Joe and I have some house projects planned for break that I’m looking forward to making progress on, particularly organizing our basement. There’s been a pile of crap in there since we moved in that we never unpacked — I’m of the mind that, if we haven’t touched it in two years, it’s probably nothing we need, but Joe is resistant. We do need to establish functional storage down there though, so I’m eager to get that done. In general I’m hoping to recharge over the break as it’s been a grim few months for me.
Reading
I’ve made good progress on Villette this week, mostly because I’ve been reading during lunch. I’m just a few pages shy of 300 and the action has picked up.1 Polly’s re-introduction felt more and more inevitable as Lucy became enmeshed with the Brettons and fell for Graham, so it didn’t take me by surprise, but this is the second time now that Lucy has met someone from her past and not recognized them at first, only for their true identity to be revealed with fanfare. Either Lucy has a remarkable case of face blindness or Brontë is overusing some tropes.
Watching
I’ve continued rewatching Community and feel mostly unchanged from my previous opinions — it’s generally enjoyable though I find some of the more gimmicky episodes tiresome. The show is at its best when it leans into the characters and not stop motion animation. I’m into season two and am aware that the show will soon flanderize most of the characters and lean even further into the ridiculous, but I am curious about how the show wraps, so I want to see it through.
Playing
I finished Final Fantasy Tactics and I’m left feeling a bit disappointed in its ending. I guess it’s reasonable for the game to not have a clean, happy conclusion, but much of it feels unresolved. Delita becomes king, but does he actually bring peace and equality to Ivalice? How can he tie together the many broken and separated factions? And then there’s the final scene with him and Ovelia — in many ways, it feels the writers set out to create something Shakespearean, and I suppose the post-credits scene fits in with that, but without any other proper context or build up, it comes completely out of nowhere. Ovelia’s motivations are entirely absent from the narrative, and so her stabbing Delita instead plays out entirely for shock value. It doesn’t track for me that Delita would stab her back after swearing that he would die for her all throughout the game, but perhaps it is the final sign that Delita has been corrupted throughout the narrative: his final act is one of vengeance and self-interest, reinforcing the theme that power corrupts absolutely and that ends don’t justify means. Delita constantly resisted being under others’ control and being used as a tool, and while he may have had actual affection for Ovelia, he still manipulated her and used her for his own ends. Ramza and Alma thus are the only ones who get any kind of “happy ending” (don’t even get me started on Orran, whose Fate of being burned at the stake is revealed in text with cheery music playing behind) because they escape free and untethered.

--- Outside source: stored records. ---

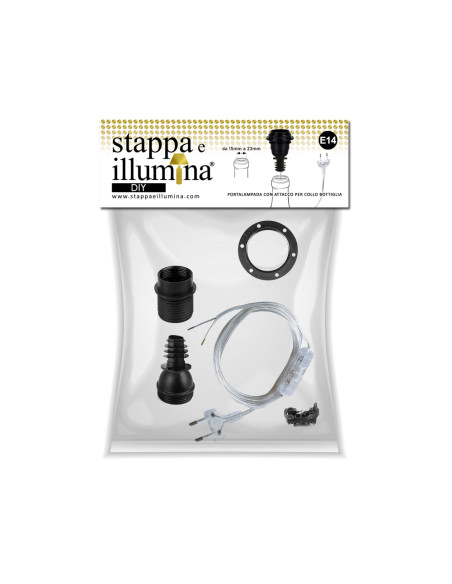 Stappa e illumina DIY - Use with holed bottle E27 or E14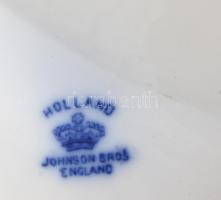 Johnson Bros hagymamintás szervírozótál. Máz alatti kobalt festéssel, jelzett, hibátlan, 36x27 cm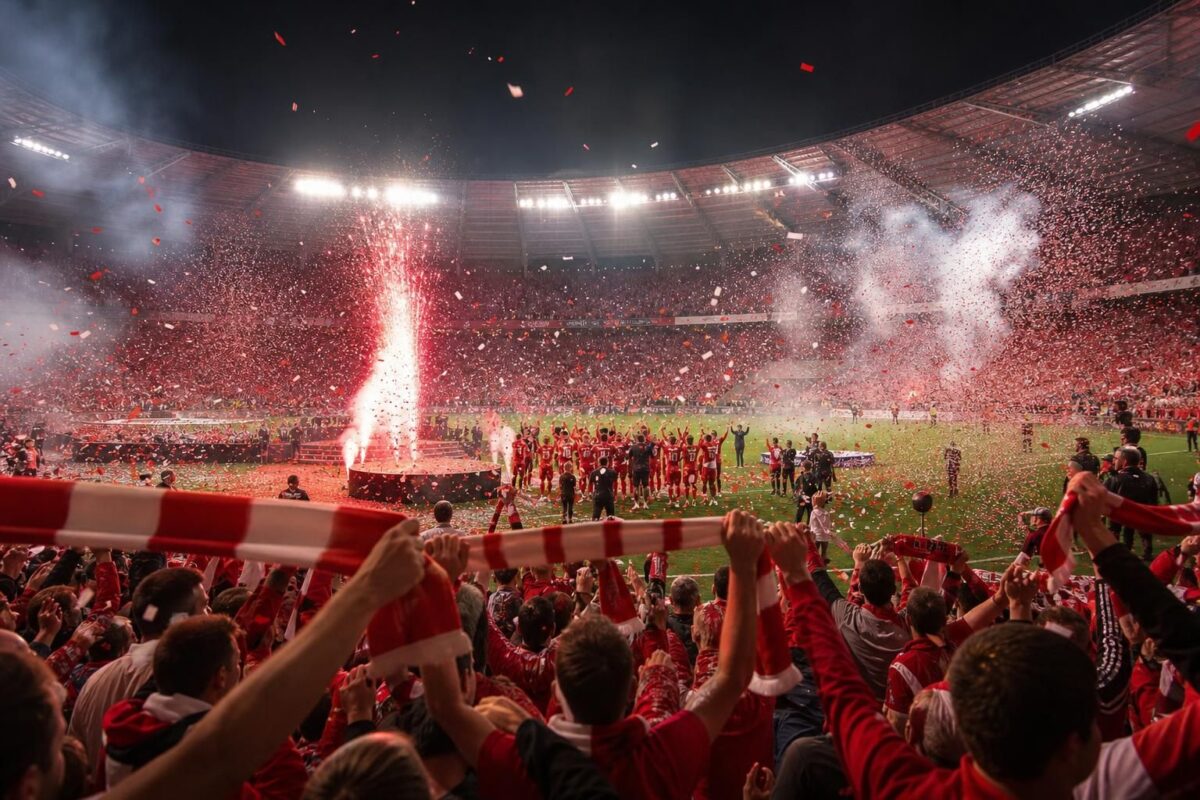 Sfeerbeeld van een Antwerpse titelviering in een vol stadion zonder herkenbare gezichten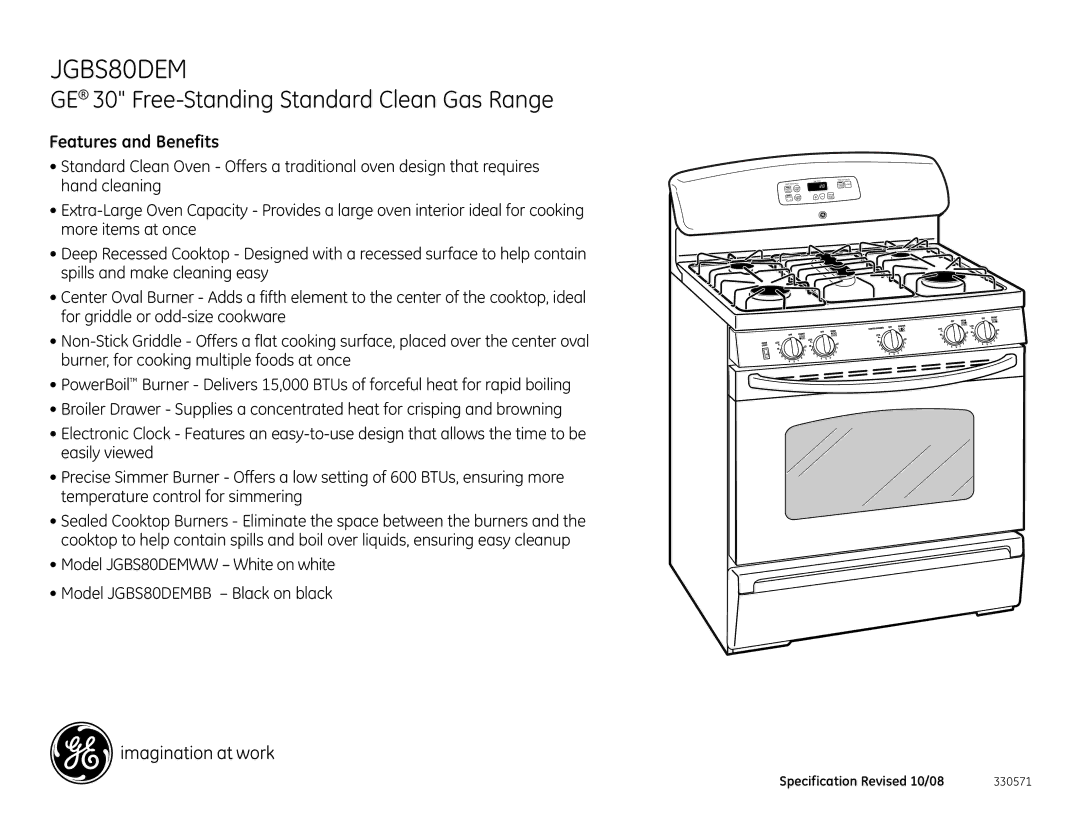 GE JGBS80DEMBB dimensions GE 30 Free-Standing Standard Clean Gas Range, Features and Benefits 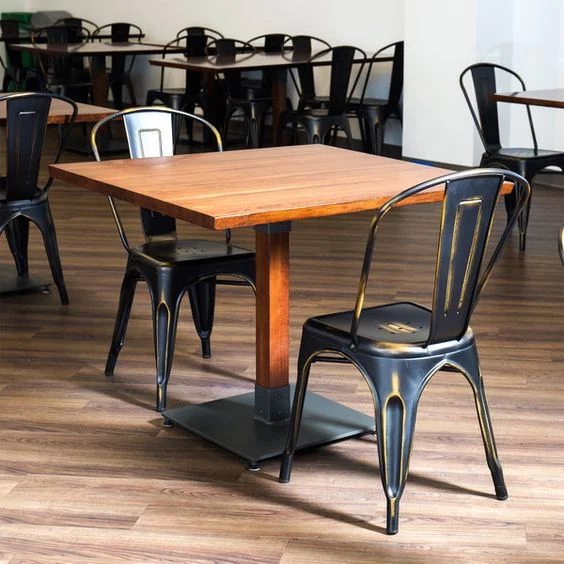 light luxury good quality cafe shop design square restaurant bistro table wooden dinning table and chair set for restaurant and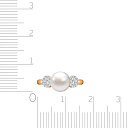 Кольцо из красного золота с жемчугом, фианитом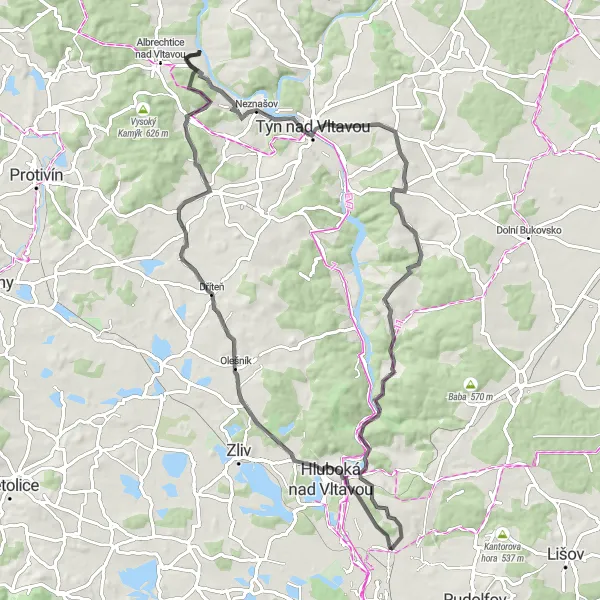 Miniaturní mapa "Cyklovýlet směrem kolem Olešníku a Zámku Neznašov" inspirace pro cyklisty v oblasti Jihozápad, Czech Republic. Vytvořeno pomocí plánovače tras Tarmacs.app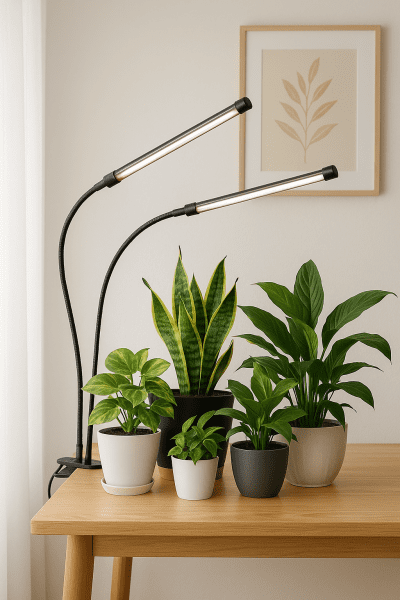 Adjustable dual-head full spectrum LED grow light clipped to a table, illuminating Snake Plant, Spider Plant, and Peace Lily indoors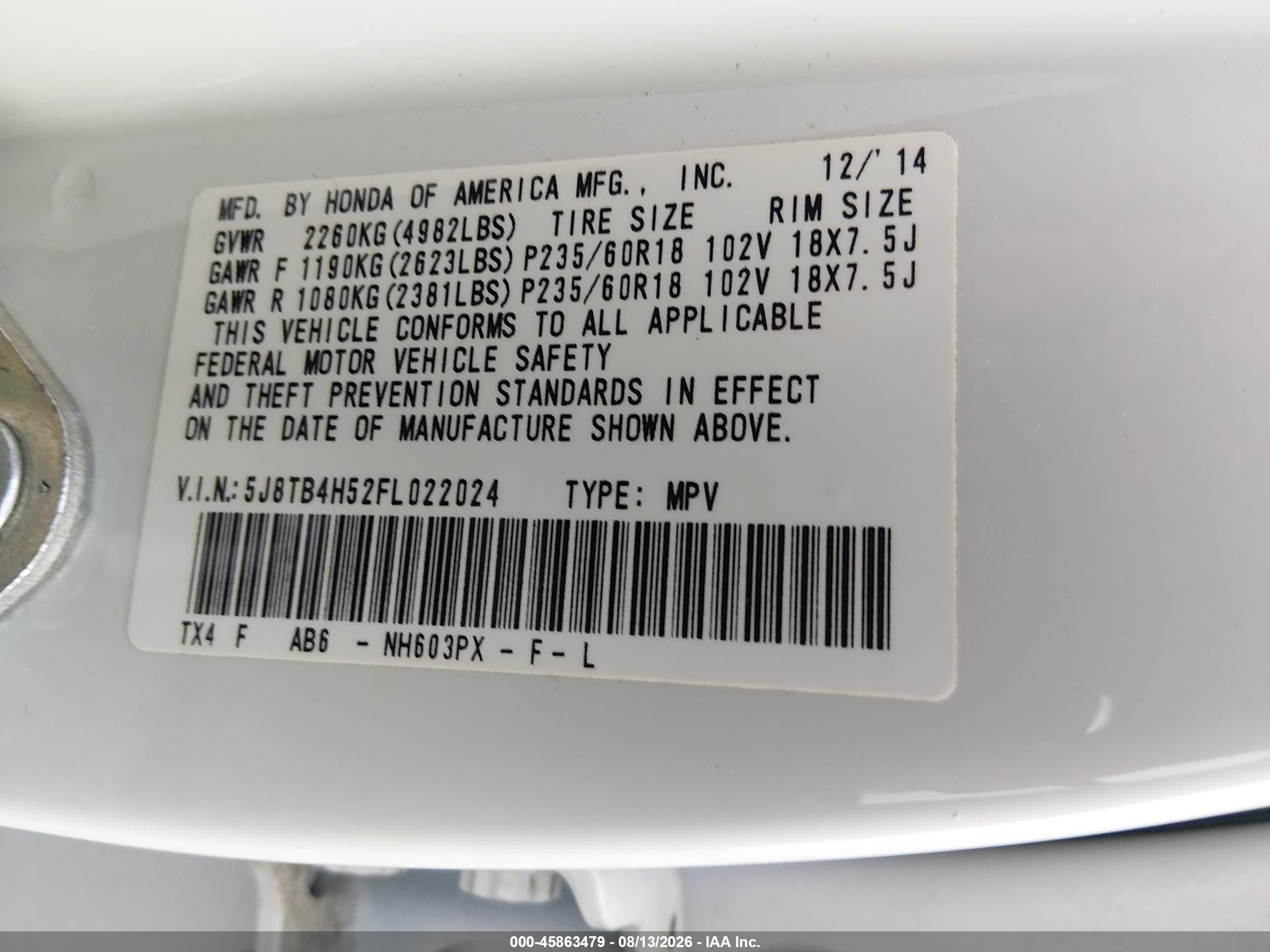 2015 Acura Rdx   White vin: 5J8TB4H52FL022024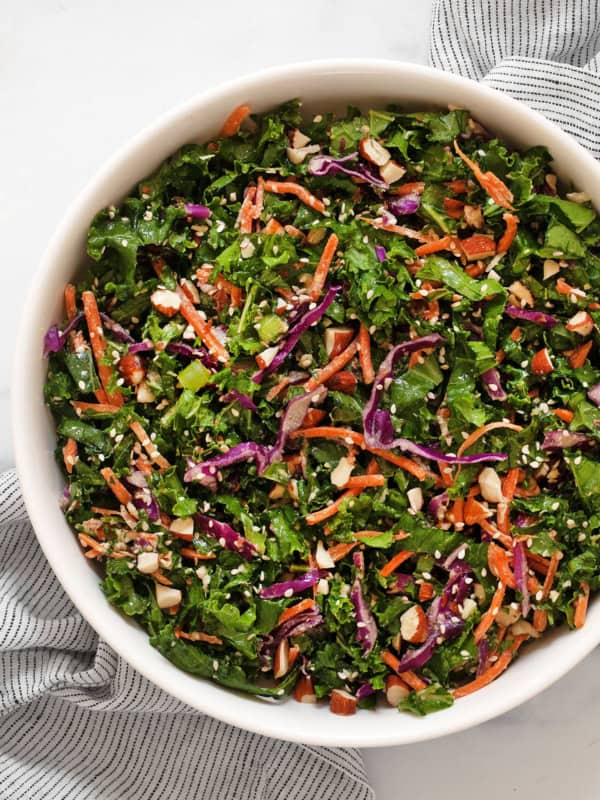 Crunchy kale slaw in a bowl.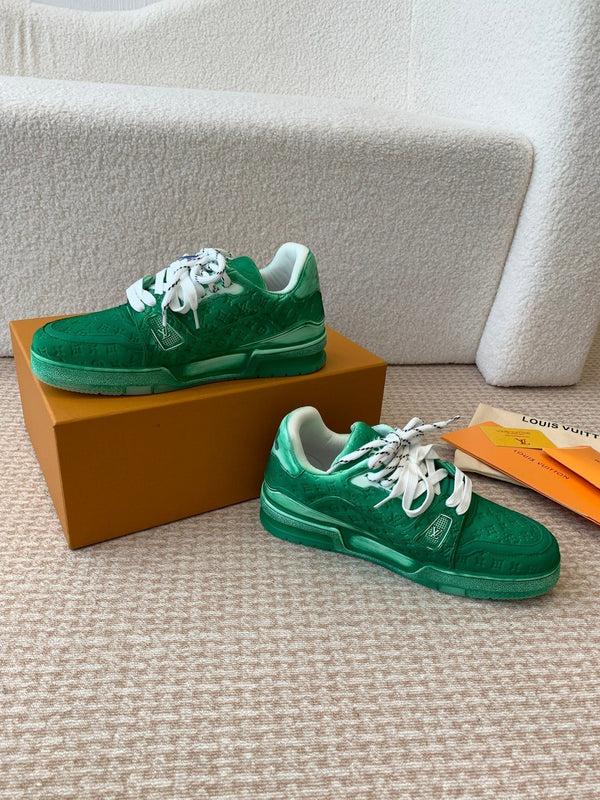 Sneaker LV Trainer 30mm in pelle bovina verde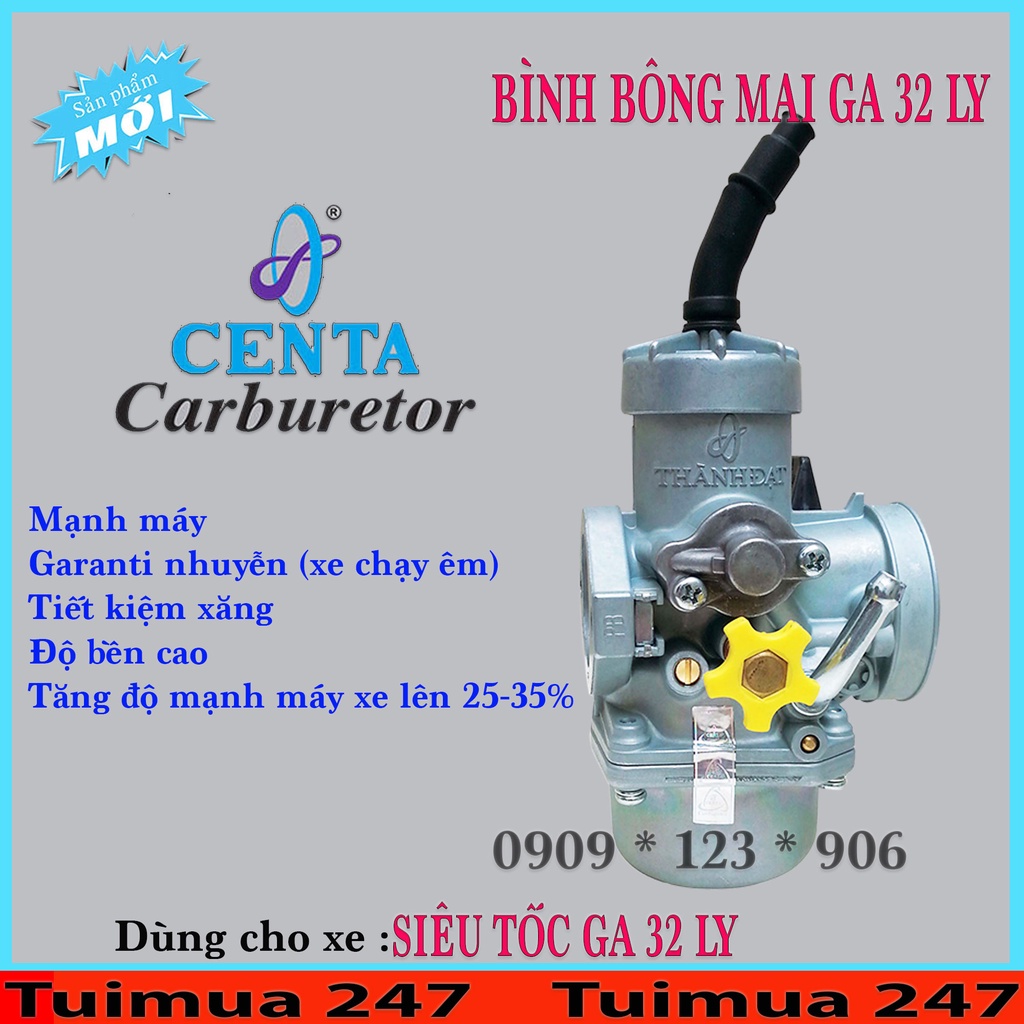 Bình Xăng Con (Bộ Chế Hòa Khí ) Centa 125 Ga 20 ly, Centa 150 Ga 24 ly, Centa 150 Ga 26 ly, Centa 175 Ga, SIÊU TỐC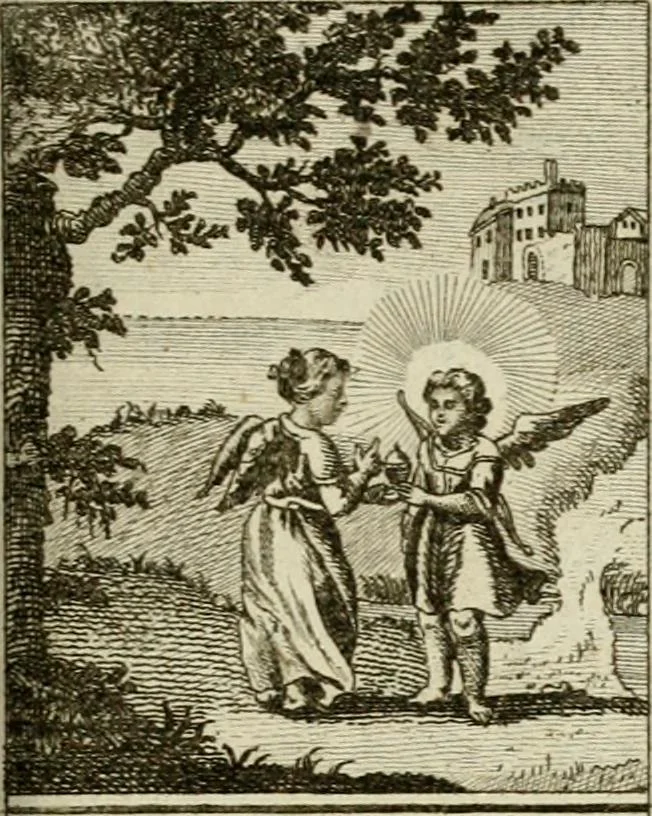 An illustration from Der gottseligen Frau La Mothe Guyon geisterhebende Beschäftigungen des Herzens mit Gott durch die lebendige Erfahrungs-Erkenntnis der göttlichen Liebe, oder, Die Geheimnisse des innwendigen Christenthums, geoffenbaret in der Schule der himmlischen Weisheit : Auszüge aus sämtlichen poetischen Schriften der seligen Frau, zur Beförderung des inneren Lebens, 1802, leaf 233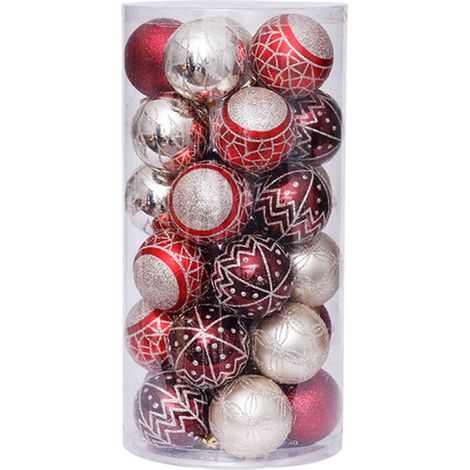 Adorno Para Árbol De Navidad - Bola Decorativa 60 Mm - Tema Colorido Con Brillo - 30 Unidades (1/5)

I can think around it and make it make some sense in my mind, but I’m unsatisfied. There were so many other characters for whom I wanted resolution — Agrias, Mustadio, Rapha, and so on… I realize there is a possibility that the player never recruits these characters or that they die in battle, but I’m still left feeling burned.
Listening
I’ve mostly been listening to mindless shuffles this week, so I don’t have a lot to report. I finally set up Navidrome through Tailscale so that I can access my library remotely, and since then, it’s been rock solid. I’m still not entirely sold on a desktop listening app, but Symfonium has been awesome. I’m really happy with my move.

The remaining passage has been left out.